SUPPLIED MATERIAL:

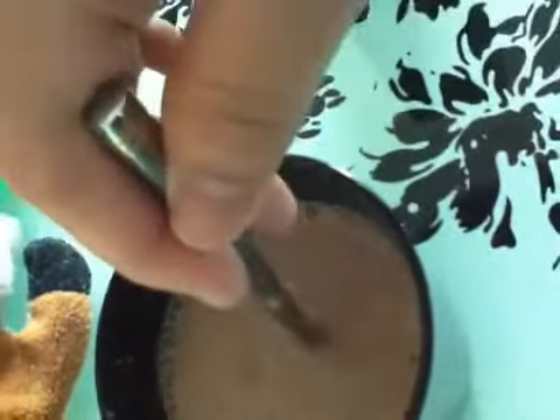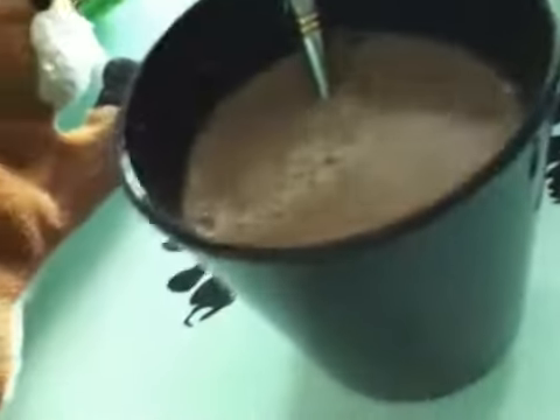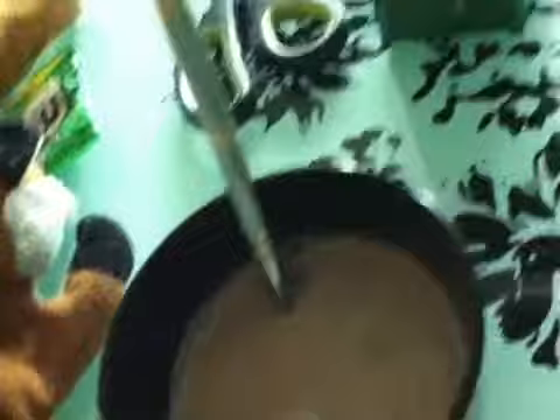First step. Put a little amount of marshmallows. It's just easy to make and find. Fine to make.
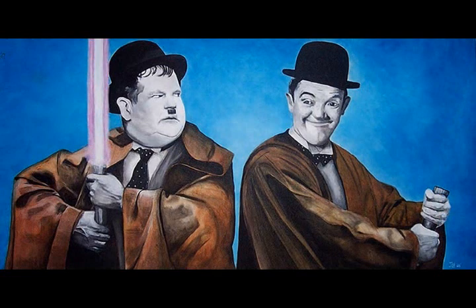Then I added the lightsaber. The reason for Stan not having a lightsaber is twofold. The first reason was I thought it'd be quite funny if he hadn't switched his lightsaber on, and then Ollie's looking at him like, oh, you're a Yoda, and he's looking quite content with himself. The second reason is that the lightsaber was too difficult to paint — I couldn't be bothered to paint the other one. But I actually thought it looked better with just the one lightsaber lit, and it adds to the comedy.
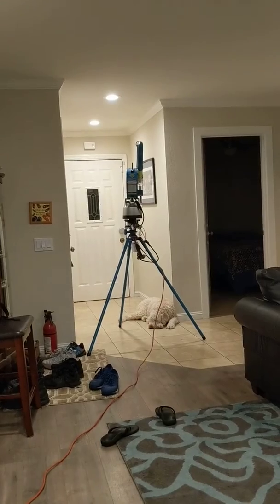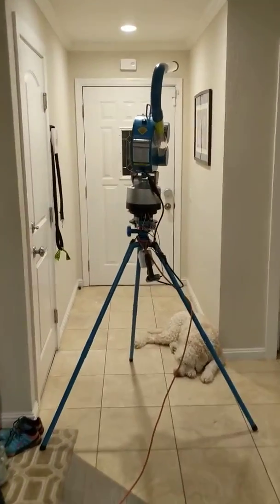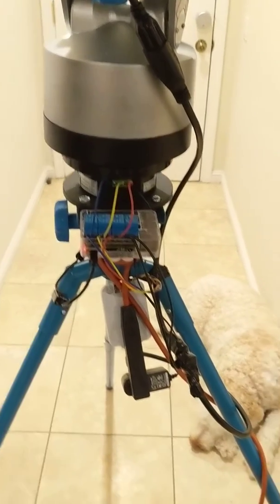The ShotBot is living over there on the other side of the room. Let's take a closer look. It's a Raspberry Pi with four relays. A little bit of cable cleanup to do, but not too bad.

EXERCISE OBJECTIVE: Repeat the listing verbatim, pictures excluded.

SOLUTION FOR THIS PROBLEM:
First step. Put a little amount of marshmallows. It's just easy to make and find. Fine to make.
Then I added the lightsaber. The reason for Stan not having a lightsaber is twofold. The first reason was I thought it'd be quite funny if he hadn't switched his lightsaber on, and then Ollie's looking at him like, oh, you're a Yoda, and he's looking quite content with himself. The second reason is that the lightsaber was too difficult to paint — I couldn't be bothered to paint the other one. But I actually thought it looked better with just the one lightsaber lit, and it adds to the comedy.
The ShotBot is living over there on the other side of the room. Let's take a closer look. It's a Raspberry Pi with four relays. A little bit of cable cleanup to do, but not too bad.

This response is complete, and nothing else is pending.